• [Goal of the exercise]: The answer is every line of the records that holds the word "Grey", copied in full.

Short descriptive text snippets
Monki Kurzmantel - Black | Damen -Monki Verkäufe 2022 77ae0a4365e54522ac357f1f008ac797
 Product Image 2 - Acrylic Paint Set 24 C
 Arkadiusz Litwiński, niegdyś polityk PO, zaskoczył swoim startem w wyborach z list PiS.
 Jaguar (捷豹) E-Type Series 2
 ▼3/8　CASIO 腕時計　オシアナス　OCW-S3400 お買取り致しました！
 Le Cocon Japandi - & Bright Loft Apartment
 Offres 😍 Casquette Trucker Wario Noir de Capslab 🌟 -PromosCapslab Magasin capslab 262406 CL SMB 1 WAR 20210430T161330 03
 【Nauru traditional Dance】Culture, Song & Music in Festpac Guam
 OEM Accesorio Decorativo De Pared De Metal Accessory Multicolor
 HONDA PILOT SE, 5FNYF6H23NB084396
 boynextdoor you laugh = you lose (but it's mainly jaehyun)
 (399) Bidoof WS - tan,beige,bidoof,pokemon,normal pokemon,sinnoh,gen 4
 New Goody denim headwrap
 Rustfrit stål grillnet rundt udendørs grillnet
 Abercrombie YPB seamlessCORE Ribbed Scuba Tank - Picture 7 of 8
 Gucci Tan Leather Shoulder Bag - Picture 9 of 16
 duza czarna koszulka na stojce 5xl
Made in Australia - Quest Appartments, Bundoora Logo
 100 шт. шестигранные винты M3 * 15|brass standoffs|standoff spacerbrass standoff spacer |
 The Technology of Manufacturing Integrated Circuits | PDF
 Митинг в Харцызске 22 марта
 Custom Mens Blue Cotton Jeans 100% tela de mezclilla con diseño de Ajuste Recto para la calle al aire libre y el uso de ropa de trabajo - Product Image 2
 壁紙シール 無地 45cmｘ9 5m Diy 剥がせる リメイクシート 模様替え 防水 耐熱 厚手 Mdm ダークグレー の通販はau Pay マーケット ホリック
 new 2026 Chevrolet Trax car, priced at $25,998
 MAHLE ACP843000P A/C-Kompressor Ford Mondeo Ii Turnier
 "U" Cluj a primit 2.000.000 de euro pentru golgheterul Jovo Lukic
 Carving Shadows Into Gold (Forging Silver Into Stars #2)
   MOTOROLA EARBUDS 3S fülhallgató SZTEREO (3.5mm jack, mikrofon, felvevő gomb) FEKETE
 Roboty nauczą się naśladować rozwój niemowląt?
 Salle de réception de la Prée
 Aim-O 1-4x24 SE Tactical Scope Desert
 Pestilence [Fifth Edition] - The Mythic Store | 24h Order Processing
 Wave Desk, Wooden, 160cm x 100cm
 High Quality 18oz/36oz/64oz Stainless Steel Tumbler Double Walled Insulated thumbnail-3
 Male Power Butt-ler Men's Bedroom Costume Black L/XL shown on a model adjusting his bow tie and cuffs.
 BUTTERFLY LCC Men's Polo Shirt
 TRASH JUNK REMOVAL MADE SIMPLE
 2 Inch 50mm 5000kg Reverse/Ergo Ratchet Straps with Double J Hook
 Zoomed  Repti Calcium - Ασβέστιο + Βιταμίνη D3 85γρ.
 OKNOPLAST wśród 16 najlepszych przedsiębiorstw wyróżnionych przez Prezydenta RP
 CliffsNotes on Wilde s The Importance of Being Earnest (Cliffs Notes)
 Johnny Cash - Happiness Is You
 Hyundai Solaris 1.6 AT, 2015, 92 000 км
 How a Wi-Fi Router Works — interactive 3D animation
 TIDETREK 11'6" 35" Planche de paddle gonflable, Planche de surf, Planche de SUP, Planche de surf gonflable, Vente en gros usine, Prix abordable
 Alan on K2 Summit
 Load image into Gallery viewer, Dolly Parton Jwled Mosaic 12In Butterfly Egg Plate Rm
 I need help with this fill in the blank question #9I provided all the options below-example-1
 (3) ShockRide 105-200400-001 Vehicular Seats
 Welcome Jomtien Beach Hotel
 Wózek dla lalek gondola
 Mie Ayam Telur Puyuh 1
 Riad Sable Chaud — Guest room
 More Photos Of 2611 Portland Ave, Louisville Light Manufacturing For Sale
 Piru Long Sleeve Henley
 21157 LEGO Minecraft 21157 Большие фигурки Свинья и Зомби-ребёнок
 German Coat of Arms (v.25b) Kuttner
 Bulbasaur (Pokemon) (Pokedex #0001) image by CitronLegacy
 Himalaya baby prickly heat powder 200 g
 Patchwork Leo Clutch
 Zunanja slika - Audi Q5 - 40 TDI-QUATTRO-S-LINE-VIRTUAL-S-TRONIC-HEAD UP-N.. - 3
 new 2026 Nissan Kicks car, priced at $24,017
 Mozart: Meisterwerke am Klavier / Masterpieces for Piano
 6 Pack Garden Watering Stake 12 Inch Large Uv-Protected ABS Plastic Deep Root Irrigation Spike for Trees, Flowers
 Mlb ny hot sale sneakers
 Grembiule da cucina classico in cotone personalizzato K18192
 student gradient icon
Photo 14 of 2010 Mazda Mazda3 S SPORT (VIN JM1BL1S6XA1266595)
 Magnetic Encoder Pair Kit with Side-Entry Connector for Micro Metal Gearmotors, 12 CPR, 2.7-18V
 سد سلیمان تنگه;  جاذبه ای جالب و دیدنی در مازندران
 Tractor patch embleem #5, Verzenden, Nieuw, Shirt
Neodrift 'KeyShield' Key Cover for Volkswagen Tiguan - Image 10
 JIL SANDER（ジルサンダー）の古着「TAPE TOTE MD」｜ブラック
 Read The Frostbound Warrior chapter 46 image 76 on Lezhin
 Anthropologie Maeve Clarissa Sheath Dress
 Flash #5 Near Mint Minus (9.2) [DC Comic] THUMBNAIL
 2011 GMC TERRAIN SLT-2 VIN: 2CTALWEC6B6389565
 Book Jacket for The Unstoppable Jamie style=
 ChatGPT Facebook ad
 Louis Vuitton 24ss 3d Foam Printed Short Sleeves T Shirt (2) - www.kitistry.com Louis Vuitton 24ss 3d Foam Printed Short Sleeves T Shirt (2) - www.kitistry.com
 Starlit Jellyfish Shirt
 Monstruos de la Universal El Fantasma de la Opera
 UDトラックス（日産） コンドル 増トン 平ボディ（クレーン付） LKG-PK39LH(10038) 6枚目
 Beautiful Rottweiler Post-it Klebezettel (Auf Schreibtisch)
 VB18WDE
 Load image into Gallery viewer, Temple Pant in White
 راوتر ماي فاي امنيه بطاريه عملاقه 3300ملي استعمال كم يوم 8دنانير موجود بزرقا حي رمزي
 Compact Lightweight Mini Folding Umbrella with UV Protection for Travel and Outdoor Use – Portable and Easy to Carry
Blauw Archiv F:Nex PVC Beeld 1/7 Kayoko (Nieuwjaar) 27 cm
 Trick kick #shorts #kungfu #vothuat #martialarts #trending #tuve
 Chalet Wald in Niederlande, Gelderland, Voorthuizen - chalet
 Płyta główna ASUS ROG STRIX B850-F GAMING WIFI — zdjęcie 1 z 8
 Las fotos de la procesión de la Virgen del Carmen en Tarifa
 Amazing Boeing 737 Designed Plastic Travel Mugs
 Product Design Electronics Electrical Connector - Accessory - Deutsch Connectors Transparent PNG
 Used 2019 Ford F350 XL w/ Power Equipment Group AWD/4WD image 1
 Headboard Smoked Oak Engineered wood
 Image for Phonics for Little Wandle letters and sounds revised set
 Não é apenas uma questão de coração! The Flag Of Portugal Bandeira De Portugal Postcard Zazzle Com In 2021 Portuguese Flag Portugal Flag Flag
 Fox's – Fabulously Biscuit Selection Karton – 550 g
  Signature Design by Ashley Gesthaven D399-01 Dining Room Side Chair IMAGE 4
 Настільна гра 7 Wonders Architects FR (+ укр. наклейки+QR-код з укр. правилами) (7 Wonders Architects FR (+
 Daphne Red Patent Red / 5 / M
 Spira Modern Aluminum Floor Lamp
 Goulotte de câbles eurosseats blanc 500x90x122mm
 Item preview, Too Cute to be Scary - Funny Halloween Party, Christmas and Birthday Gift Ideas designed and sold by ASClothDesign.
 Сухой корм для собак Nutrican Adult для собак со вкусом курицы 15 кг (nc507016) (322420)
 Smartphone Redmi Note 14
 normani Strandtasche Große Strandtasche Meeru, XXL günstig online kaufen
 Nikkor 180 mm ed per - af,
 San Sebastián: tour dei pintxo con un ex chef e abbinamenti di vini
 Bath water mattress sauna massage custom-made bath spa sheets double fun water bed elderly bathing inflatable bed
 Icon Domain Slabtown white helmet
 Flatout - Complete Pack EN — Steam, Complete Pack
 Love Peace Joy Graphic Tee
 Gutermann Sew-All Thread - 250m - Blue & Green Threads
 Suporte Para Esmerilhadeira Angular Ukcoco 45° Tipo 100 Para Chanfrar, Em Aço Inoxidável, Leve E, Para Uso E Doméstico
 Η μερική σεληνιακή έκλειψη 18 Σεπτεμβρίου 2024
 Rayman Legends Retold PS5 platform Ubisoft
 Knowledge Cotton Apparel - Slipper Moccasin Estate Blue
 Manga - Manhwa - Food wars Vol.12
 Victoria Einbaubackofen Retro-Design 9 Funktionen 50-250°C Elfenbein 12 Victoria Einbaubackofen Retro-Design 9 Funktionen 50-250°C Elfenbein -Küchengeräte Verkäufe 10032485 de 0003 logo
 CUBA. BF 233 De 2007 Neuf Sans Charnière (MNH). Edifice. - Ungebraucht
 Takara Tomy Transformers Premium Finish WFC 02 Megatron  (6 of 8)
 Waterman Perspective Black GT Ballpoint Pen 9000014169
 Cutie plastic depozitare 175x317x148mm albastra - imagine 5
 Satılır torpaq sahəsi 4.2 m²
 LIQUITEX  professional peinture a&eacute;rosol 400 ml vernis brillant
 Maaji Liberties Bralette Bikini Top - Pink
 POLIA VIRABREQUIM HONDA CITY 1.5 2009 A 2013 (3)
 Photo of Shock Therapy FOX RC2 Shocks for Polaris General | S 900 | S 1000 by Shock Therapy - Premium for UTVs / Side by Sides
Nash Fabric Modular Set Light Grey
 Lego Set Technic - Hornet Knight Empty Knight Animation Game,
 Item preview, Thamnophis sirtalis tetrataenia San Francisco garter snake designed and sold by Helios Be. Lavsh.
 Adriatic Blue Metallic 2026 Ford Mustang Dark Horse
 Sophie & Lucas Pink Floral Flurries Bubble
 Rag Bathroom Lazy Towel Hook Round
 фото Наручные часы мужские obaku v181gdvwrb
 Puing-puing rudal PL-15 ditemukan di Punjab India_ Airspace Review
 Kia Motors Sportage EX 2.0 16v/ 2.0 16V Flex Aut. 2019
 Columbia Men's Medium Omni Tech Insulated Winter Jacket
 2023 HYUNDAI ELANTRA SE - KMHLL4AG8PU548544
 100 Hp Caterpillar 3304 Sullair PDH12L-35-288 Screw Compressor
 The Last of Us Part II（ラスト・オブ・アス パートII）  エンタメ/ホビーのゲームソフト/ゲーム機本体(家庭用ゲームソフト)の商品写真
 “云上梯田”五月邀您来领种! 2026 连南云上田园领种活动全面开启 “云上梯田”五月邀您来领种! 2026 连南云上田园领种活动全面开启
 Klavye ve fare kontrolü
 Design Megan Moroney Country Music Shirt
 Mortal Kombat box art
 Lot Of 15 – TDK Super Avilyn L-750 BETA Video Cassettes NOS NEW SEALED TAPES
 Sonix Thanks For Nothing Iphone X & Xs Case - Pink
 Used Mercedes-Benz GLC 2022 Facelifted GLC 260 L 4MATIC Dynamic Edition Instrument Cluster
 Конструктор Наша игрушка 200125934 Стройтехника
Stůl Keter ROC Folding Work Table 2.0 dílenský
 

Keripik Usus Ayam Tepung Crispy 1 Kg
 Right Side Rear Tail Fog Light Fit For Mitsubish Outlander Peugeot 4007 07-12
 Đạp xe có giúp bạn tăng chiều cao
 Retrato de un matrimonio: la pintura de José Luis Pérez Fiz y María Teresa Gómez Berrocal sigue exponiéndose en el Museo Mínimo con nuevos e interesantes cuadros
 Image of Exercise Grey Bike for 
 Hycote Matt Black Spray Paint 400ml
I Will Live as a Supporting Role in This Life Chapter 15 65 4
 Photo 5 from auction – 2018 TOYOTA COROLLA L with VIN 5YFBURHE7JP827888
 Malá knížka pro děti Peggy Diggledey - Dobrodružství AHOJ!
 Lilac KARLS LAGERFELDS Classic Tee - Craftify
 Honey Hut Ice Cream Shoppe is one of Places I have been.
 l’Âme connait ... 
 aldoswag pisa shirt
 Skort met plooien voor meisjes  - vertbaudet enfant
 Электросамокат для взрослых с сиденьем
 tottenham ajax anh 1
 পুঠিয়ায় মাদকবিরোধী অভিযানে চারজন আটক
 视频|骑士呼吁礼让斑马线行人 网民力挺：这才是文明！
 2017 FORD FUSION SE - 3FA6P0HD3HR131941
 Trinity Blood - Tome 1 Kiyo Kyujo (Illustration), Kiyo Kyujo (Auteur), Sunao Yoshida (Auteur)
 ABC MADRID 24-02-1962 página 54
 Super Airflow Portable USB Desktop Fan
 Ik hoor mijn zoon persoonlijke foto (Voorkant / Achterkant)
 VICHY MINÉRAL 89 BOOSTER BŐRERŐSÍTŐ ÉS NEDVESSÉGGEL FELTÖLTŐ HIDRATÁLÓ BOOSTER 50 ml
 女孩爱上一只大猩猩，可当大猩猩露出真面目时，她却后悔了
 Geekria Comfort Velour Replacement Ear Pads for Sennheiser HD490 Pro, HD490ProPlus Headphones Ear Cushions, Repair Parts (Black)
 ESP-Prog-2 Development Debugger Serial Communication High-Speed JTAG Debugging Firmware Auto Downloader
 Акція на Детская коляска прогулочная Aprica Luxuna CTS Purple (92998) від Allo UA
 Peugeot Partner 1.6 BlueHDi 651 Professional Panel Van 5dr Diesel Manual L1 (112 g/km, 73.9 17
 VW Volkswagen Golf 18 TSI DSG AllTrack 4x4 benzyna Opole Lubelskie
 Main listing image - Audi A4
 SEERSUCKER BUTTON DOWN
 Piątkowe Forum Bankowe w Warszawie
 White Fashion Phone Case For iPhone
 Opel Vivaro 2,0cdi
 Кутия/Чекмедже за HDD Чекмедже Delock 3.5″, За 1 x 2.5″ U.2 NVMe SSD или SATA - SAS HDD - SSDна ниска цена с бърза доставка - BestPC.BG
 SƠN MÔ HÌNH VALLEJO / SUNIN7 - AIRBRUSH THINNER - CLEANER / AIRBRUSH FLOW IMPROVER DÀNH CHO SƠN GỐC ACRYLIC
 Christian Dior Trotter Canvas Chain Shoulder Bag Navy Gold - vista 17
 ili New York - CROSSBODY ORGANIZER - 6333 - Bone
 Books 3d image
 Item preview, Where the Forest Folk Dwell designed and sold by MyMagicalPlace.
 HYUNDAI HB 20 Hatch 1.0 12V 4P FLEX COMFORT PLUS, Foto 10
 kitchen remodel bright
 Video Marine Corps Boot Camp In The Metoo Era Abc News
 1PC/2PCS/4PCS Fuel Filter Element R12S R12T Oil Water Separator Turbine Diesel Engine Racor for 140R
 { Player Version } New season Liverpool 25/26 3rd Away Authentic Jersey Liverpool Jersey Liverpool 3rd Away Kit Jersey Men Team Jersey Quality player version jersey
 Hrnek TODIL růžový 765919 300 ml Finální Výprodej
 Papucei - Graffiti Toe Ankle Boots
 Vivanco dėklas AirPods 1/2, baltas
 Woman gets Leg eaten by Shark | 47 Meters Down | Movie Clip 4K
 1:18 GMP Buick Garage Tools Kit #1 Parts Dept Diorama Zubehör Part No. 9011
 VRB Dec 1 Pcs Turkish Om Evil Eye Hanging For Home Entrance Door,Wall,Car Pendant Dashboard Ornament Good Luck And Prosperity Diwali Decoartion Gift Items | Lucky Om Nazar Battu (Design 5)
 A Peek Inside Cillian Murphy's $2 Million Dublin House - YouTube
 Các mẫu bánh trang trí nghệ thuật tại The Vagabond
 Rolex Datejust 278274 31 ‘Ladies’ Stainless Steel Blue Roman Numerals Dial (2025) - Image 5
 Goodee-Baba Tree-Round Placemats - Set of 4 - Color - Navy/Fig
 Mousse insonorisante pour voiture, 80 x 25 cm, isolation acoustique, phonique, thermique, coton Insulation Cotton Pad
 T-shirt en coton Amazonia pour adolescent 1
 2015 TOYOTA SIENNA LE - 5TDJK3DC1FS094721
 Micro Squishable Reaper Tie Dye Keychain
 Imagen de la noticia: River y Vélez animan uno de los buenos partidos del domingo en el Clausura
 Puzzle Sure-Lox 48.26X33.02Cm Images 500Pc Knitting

• [Answer space]:
Nash Fabric Modular Set Light Grey
 Image of Exercise Grey Bike for 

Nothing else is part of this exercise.